Old field is a term used in ecology to describe lands formerly cultivated or grazed but later abandoned. The dominant flora include perennial grasses, heaths and herbaceous plants. Old fields are canonically defined as an intermediate stage found in ecological succession in an ecosystem advancing towards its climax community, a concept which has been debated by contemporary ecologists for some time.

Old field sites are often marginal lands with soil quality unsuitable for crops or pasture. Examples include abandoned farmlands in central Ontario, along the edge of the Canadian Shield.

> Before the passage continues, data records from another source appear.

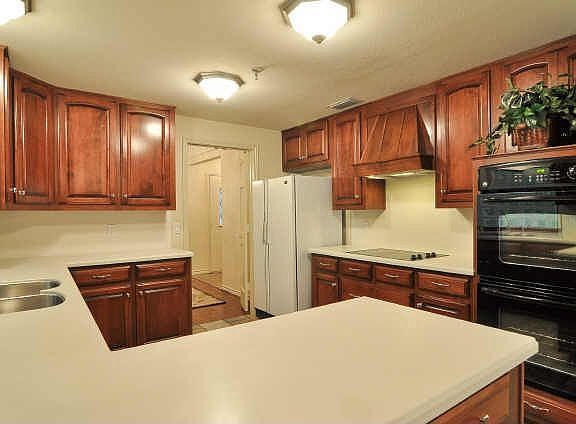 3rd image of 1315 Birkenhead Ct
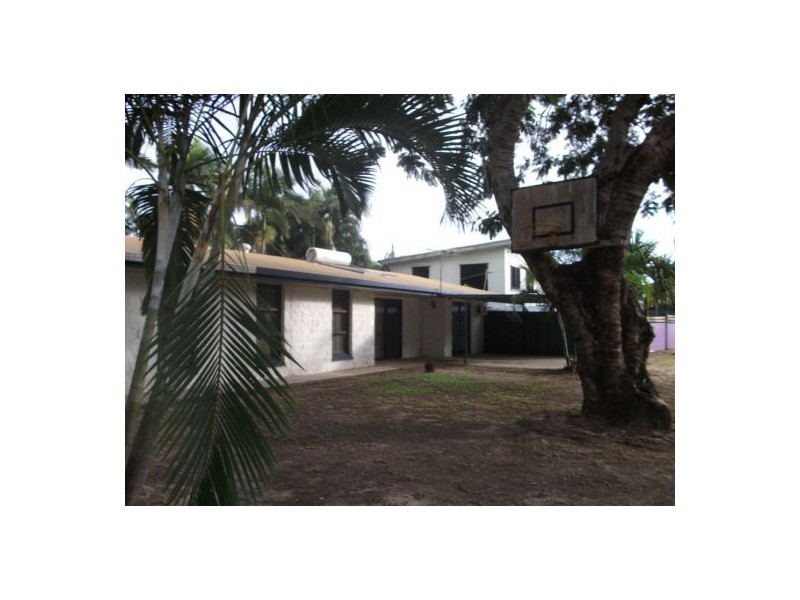 93 Waverley Street, Bucasia QLD 4750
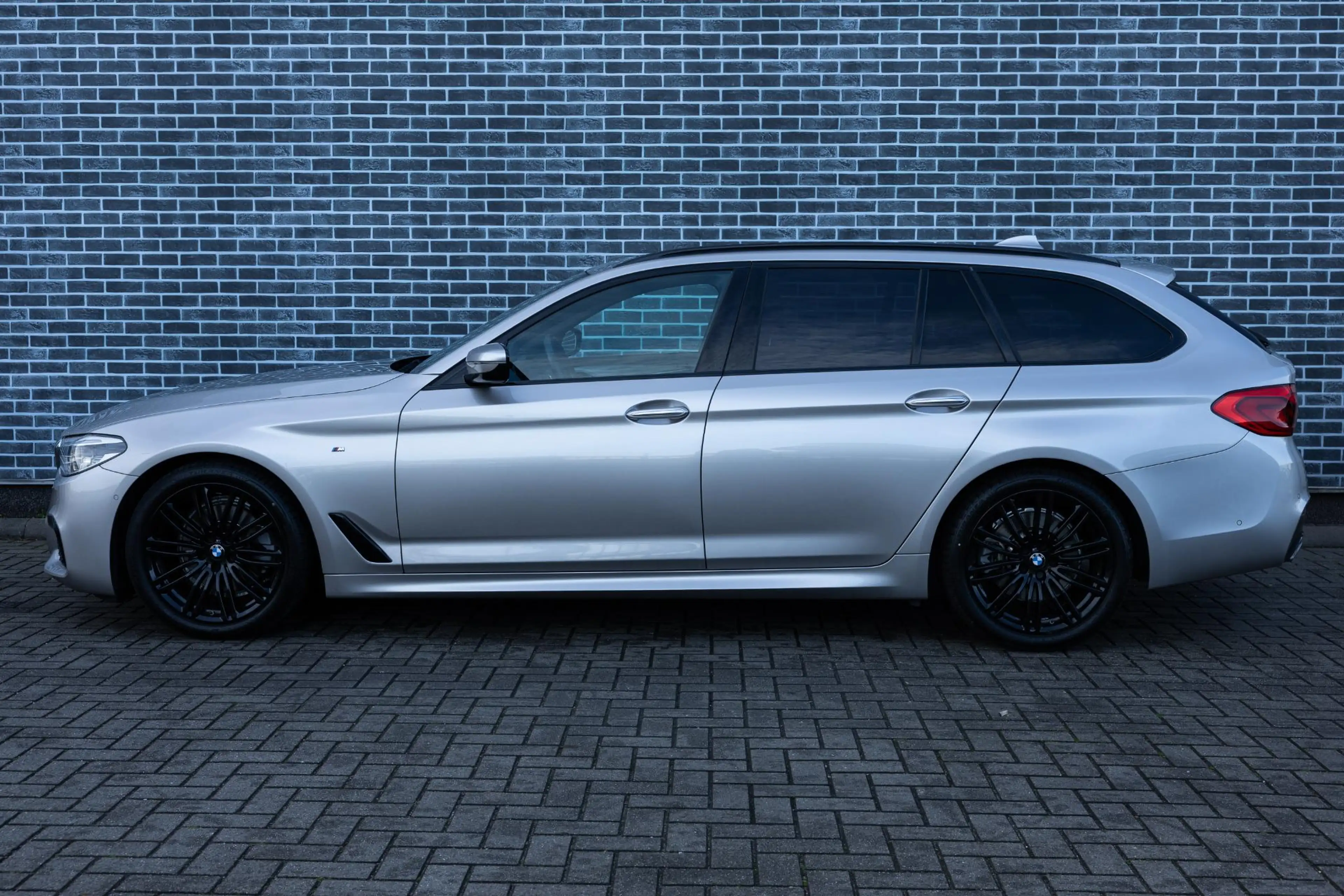 BMW 520 5-serie Touring 520i High Executive | M-Sport | Pa — photo 3
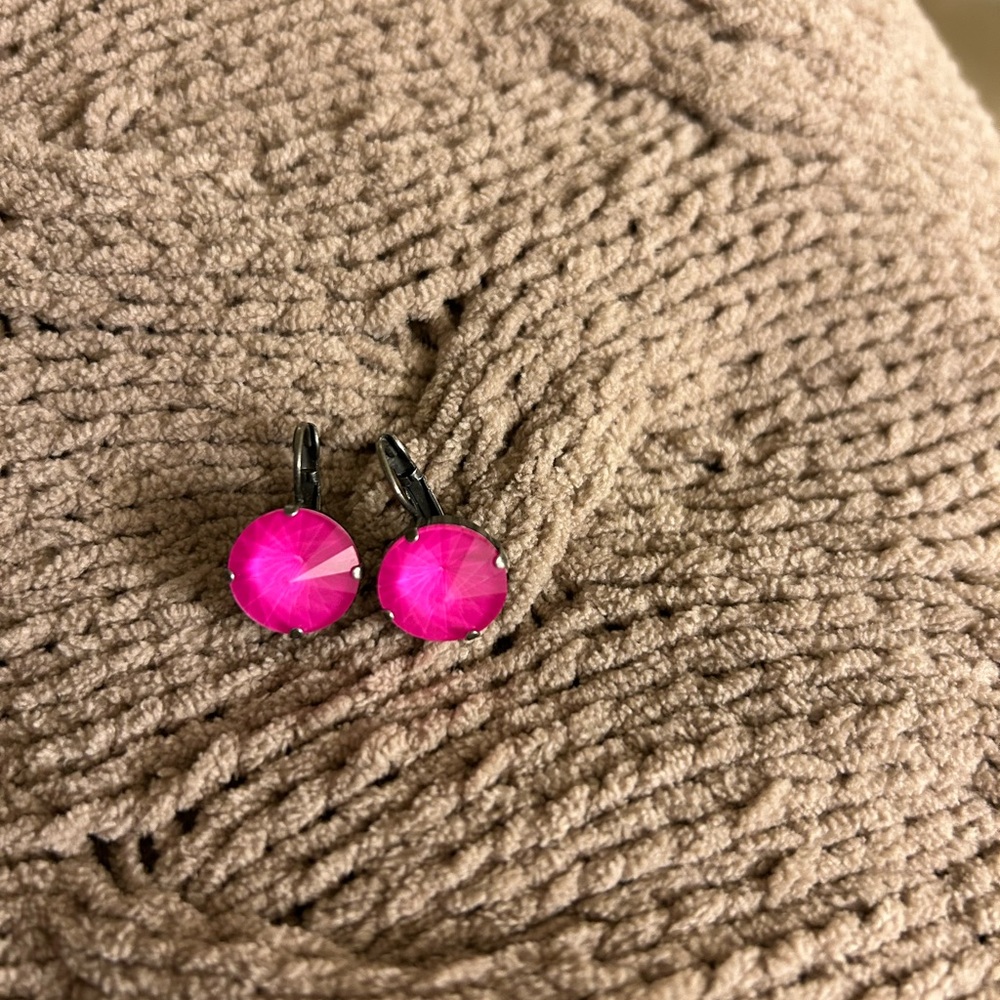 Sabika NEON PINK drops 🩷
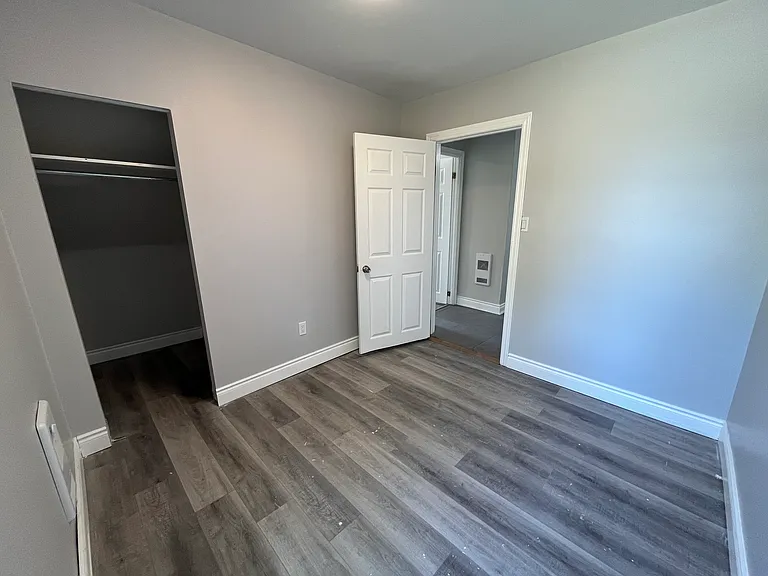 807 Wellington Ave #1 — Photo 8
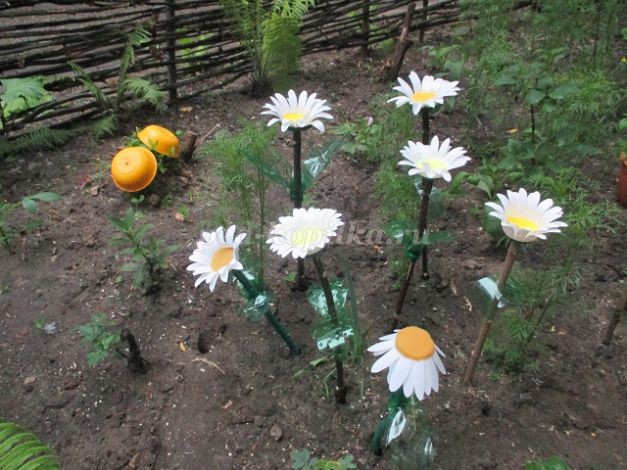 Ромашки из бросового материала детскими руками: часть 5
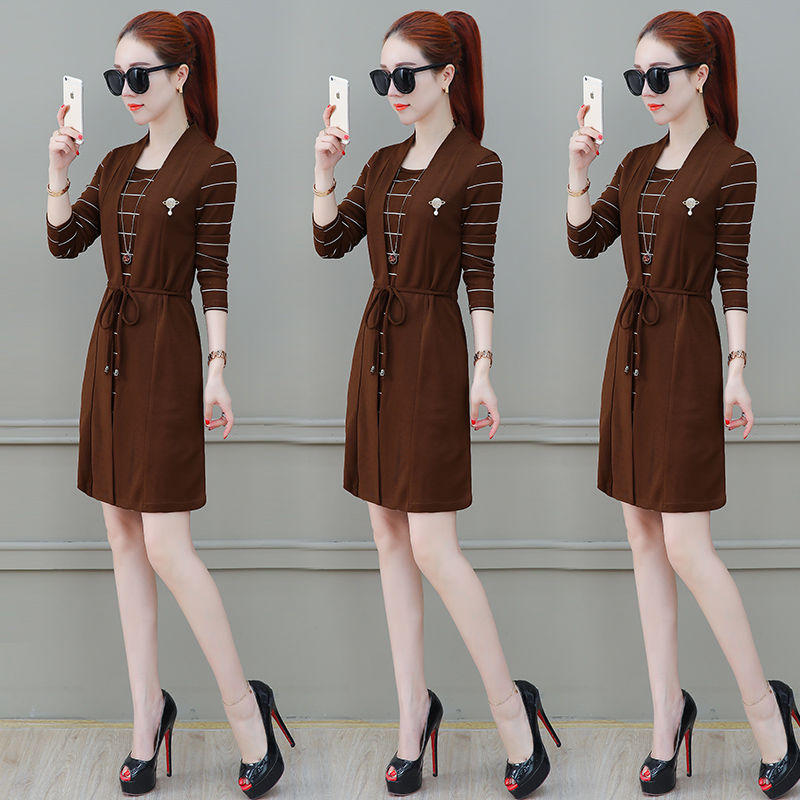 一旦过40，尽量少穿牛仔裤!瞧下图女人穿，洋气美嫩不输小姑娘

Stress tolerant species with wide seed dispersal ranges are able to colonize cultivated fields after their initial abandonment, usually followed by perennial grasses. The succession of old fields culminates in takeover by trees and shrubs, eventually leading to a climax forest stand.

== How old fields form ==
Most old fields form as a result of agricultural land abandonment, the rate of which has been exponentially increasing, at a global scale, since the 1950s.

Agricultural plots may be abandoned due to degraded nutrient levels in the soil following many growing seasons and/or crop rotations. In some cases, however, specifically in Europe during the late 1950s and early 1960's, farm lands were abandoned due to a new agriculture policy. The policy influenced farmers to abandon plots because they believed it made prices too high, was wasteful, and would lead to overproduction. Though the policy has changed over time, researchers believe it is still failing the EU in many ways and ultimately harming the ecology of farm lands.

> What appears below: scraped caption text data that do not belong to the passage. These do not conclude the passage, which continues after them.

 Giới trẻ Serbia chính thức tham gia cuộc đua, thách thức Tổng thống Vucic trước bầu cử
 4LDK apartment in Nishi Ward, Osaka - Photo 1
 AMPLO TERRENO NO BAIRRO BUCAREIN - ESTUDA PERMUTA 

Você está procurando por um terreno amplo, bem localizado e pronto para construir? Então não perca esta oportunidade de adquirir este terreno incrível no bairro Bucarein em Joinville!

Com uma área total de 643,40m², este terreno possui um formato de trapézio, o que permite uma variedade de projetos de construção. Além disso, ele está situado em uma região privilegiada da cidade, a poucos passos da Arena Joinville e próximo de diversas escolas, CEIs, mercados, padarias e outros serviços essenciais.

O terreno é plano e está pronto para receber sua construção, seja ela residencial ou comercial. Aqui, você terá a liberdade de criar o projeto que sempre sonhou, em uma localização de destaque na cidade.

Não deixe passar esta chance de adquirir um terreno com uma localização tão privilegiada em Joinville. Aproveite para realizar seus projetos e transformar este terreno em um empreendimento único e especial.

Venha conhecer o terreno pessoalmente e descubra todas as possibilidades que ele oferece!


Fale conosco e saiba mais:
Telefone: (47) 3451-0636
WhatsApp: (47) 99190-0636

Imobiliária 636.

== Old field succession ==
Once abandoned and left unaltered for a long time, and without crops to deplete the soil of nutrients, old fields can slowly grow back into healthy communities via the process of ecological succession.

Many studies have been conducted on old field succession, the process by which fields slowly grow back into forests over many years. While there are two types of succession, primary and secondary, secondary succession is what we think about when considering old fields. These processes may be cyclic or seral depending on the system dynamics and community structure present. Cyclic succession occurs when species abundance is in a constant state of change, when there are continuous changes in community composition that result in the dominant species changing in a cyclical manner. Seral succession refers to a type of community structure where community succession follows a linear path from barren to a climax community.

With succession, soil nutrient concentrations and community composition can vary greatly. As time passes after abandonment, nitrogen concentration in the soil has been shown to increase, which influences an increase in above ground plant biomass and vegetation cover.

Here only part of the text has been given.